Let assume two more complex expressions of the form

expr1=Sum[f[i,j] g[i+j]/(i-j)!,{i,imin},{j,jmin,jmax}];
expr2=Sum[f[l,m] g[l+m]/(l-m)!,{l,lmax},{m,mmin,mmax}];

To check if expr1==expr2 we compare sub-expression by sub-expression:

expr12=Transpose[{expr1,expr2}/.Sum[arg_,args__]:>{arg,args}]
{{(f[i,j] g[i+j])/(i-j)!,(f[l,m] 
g[l+m])/(l-m)!},{{i,imin},{l,lmax}},{{j,jmin,jmax},{m,mmin,mmax}}}

A necessary but not sufficient requirement is that the first element of 
expre12 is equal:

con1=Equal@@expr12[[1]]
(f[i,j] g[i+j])/(i-j)!==(f[l,m] g[l+m])/(l-m)!

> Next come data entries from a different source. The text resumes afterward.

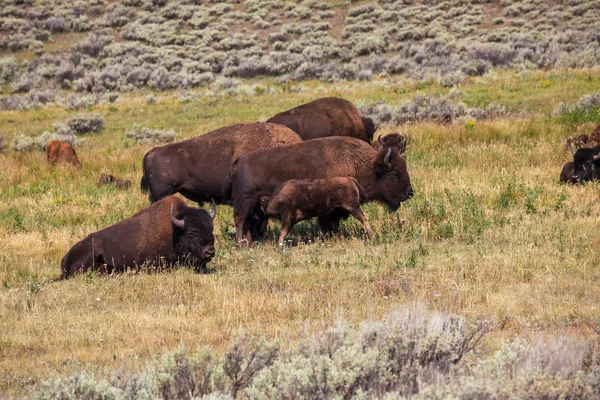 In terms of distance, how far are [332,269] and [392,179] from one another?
9.39ft

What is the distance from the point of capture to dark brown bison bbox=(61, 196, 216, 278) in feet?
30.6

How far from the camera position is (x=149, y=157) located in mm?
12086

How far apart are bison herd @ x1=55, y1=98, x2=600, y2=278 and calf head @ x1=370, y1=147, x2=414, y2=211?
0.01 m

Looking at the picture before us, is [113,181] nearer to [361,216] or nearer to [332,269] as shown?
[361,216]

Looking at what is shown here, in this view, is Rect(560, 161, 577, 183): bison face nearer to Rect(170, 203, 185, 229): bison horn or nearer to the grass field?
the grass field

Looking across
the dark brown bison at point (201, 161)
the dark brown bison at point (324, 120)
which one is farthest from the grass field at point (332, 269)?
the dark brown bison at point (324, 120)

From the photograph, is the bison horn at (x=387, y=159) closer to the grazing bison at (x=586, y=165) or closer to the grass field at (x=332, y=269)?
the grass field at (x=332, y=269)

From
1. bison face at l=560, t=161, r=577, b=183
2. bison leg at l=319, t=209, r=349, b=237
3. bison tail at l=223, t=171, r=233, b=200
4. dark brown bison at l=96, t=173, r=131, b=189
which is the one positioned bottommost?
dark brown bison at l=96, t=173, r=131, b=189

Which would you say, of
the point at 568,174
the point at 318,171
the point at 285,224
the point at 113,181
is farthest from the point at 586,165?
the point at 113,181

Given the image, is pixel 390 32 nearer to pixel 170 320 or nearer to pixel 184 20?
pixel 184 20

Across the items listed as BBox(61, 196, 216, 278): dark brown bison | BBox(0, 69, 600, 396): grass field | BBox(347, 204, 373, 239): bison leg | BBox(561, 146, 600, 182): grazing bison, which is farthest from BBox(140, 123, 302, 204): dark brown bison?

An additional set of conditions must be fulfilled to make con1 true:

con2=Equal@@#&/@Flatten[Transpose/@Rest[expr12],1]
{i==l,imin==lmax,j==m,jmin==mmin,jmax==mmax}

Let's  make a set of rules out of con2:

rul12=Rule@@#&/@Flatten[Transpose/@Rest[expr12],1]
{i->l,imin->lmax,j->m,jmin->mmin,jmax->mmax}

And apply it to con1:

{con1/.rul12,con2}
{True,{i==l,imin==lmax,j==m,jmin==mmin,jmax==mmax}}

In words: expr1==expr2 under the condition con2. Alternatively you
could use the built in function Simplify together with the assumptions
defined by con2:

Simplify[expr1==Assuming[con2,expr1]]
True

Now the question is how to go on from this point.  First, above can be 
easily
merged to a unique function, which returns con2 just and only if it renders
con1 true:

aux[expr1_,expr2_]:=Module[{con1,con2,expr12,rul12,arg,args},
expr12=Transpose[{expr1,expr2}/.Sum[arg_,args__]:>{arg,args}];
con1=Equal@@expr12[[1]];
con2=Equal@@#&/@Flatten[Transpose/@Rest[expr12],1];
rul12=Rule@@#&/@Flatten[Transpose/@Rest[expr12],1];
If[Simplify[expr1==Assuming[con2,expr1]],con2,False],
False]]

Notice that aux is just valid for a very specific type of expressions
and an additional test has to be made to check that expr1 and expr2
are of the correct "expressional structure" to be compared by aux,
e.g. something like:

aux2[expr1_, expr2_] :=
  Head[expr1] == Head[expr2] && Dimensions[expr1] == Dimensions[expr2]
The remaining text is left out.